## Your objective
For the entries below, state how many lines contain the string "image". Add nothing else.

## Dataset
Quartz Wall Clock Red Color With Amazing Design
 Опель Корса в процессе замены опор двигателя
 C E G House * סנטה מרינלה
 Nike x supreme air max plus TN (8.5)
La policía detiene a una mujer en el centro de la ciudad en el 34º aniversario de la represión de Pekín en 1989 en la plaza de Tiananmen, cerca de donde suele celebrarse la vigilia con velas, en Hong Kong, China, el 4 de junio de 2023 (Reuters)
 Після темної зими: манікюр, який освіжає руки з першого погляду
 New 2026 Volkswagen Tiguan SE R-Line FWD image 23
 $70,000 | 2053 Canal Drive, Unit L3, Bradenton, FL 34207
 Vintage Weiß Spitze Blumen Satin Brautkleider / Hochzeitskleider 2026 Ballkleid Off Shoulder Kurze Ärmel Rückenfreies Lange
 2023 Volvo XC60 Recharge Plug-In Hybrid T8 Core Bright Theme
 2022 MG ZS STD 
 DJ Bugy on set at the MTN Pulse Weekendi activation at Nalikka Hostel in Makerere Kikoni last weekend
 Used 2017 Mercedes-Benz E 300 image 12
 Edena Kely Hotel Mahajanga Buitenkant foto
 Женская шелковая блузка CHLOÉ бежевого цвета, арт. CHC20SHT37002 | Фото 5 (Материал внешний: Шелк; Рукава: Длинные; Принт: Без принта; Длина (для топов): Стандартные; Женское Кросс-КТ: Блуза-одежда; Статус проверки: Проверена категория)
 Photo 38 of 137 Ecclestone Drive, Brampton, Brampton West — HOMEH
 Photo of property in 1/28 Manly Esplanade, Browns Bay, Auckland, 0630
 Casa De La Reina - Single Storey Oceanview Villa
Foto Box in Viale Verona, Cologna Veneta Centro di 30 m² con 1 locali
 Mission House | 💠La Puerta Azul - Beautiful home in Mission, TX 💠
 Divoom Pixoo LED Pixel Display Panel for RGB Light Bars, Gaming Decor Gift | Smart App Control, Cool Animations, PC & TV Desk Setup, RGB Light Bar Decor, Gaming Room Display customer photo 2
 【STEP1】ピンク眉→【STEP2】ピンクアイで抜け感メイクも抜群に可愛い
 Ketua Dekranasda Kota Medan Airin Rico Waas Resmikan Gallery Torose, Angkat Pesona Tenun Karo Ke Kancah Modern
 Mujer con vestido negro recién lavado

## Solution for this exercise
2